▸ **COLLECTED MATERIAL**
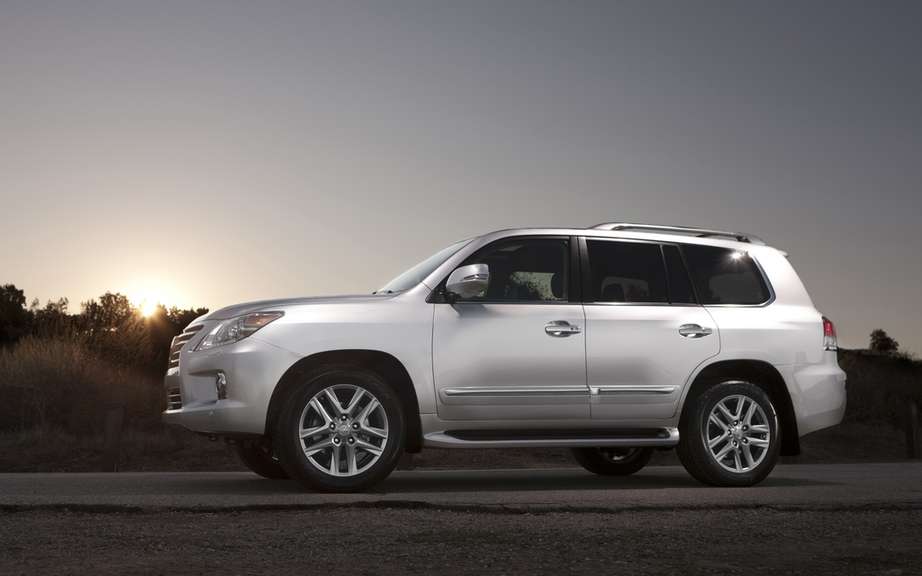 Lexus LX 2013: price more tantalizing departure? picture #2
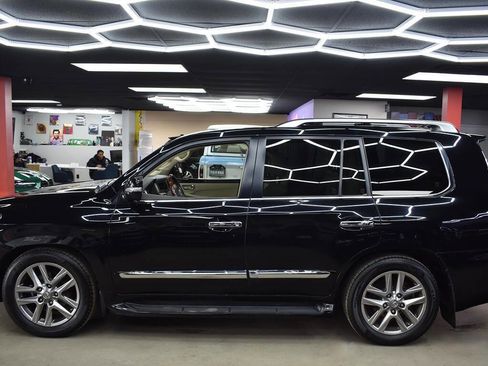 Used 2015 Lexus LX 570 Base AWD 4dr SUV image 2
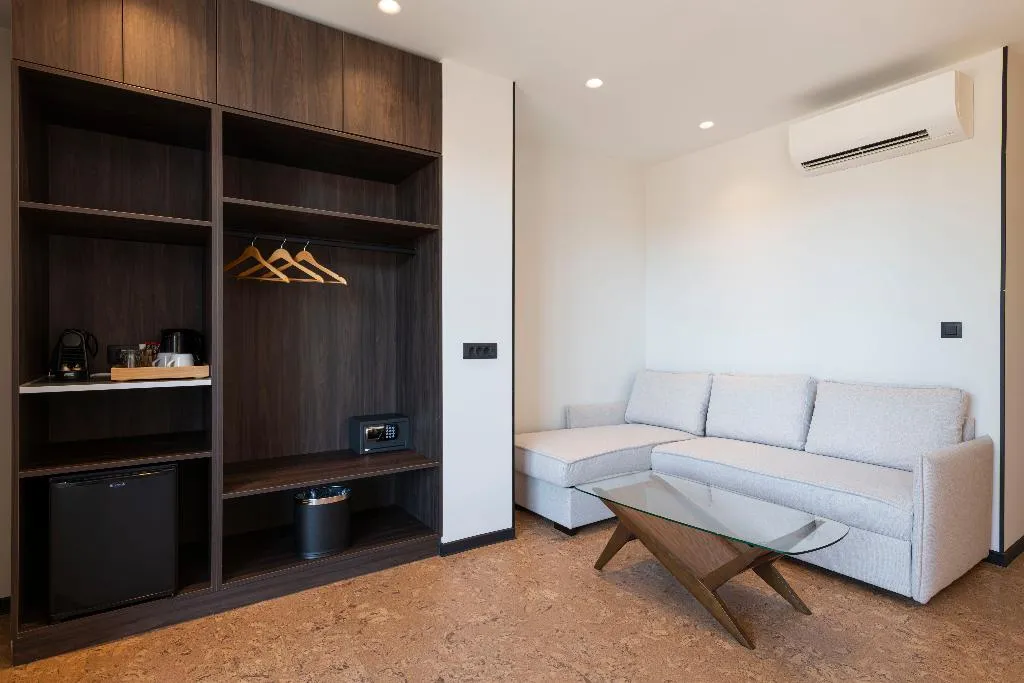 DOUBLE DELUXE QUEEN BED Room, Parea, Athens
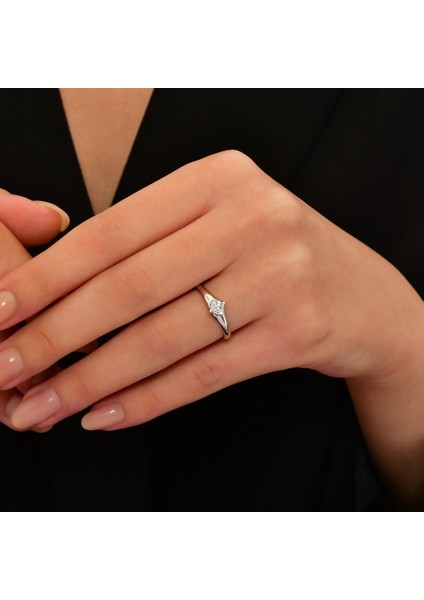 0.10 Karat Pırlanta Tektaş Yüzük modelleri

▸ **WHAT IS BEING ASKED**
Leaving out only the pictures, return the material above unchanged.

▸ **ANSWER BOX**
 Lexus LX 2013: price more tantalizing departure? picture #2
 Used 2015 Lexus LX 570 Base AWD 4dr SUV image 2
 DOUBLE DELUXE QUEEN BED Room, Parea, Athens
 0.10 Karat Pırlanta Tektaş Yüzük modelleri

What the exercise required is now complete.